SPIERS & BODEN - Fallow Ground 
Hudson Records HUD024CD 

This most exciting of traditional music’s duos lasted just 13 years before laying duo work aside; this decision being made simply because they were working so hard in the big-band Bellowhead (which they’d founded) and on many other projects. And here’s another 13-year gap, between 2008’s Vagabond and Fallow Ground, which takes up the baton with all the confidence and spirit you’d expect from this team. They still know how to enjoy themselves – even during the strictures of lockdown – and are eternally able to put a fresh spin on tradition. So this comeback album is nothing less than quintessential S&B. Feelgood, gutsy, expert and wholly intuitive musicianship from two guys who still know how to have fun. No surprises, but no disappointments either.

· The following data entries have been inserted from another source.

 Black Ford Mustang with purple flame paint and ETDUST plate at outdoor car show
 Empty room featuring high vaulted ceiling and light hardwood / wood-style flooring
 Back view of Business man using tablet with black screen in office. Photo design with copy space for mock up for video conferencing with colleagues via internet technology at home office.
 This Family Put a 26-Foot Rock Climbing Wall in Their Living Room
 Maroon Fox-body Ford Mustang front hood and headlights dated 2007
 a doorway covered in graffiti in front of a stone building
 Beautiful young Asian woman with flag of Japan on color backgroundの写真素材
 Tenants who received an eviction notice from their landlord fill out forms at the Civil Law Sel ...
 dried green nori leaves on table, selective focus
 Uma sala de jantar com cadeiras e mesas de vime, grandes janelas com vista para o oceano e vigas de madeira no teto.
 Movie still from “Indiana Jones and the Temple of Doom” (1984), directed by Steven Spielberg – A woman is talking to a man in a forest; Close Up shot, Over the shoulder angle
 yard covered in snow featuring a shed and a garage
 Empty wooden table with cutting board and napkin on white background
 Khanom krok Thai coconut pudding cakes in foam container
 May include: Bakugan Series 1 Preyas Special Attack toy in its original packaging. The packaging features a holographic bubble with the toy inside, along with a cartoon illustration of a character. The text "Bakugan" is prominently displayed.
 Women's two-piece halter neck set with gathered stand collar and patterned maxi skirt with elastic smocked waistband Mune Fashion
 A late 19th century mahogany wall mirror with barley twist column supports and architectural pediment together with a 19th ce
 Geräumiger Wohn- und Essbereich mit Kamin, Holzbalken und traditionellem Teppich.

Fallow Ground ideally balances rumbustious stompsome tunes (mostly either sourced from morris or specially composed in the idiom) and songs both contemplative and life-affirming. They start as they mean to go on with a brace of gems from the Peter Bellamy corpus – the Australian folksong, Bluey Brink, and a funky take on Butter, Cheese And All – from which the natural progression is to an animated medley leading off with The Cuckoo’s Nest. A comparable momentum and vigour characterise the Playford dances, Goddesses and Red House, while the unstoppable energy the duo generates lasts right on into the disc’s tremendous final set, a pair of self-penned tunes celebrating specific hills. Tucked into the sequence we also find some more reflective pieces, such as John’s pictorial original tune, The Fog, (neatly characterising today’s in-the-air vibe) and Graeme Miles’ wistful Yonder Banks. Song highlights of the CD for me are the title track – an appealingly honest and melodic treatment of The Cock (from the singing of Louis Killen) which (unusually for traditional song) seems to enjoy rather than lament its central scenario – and a subtly dramatic take on Reynardine.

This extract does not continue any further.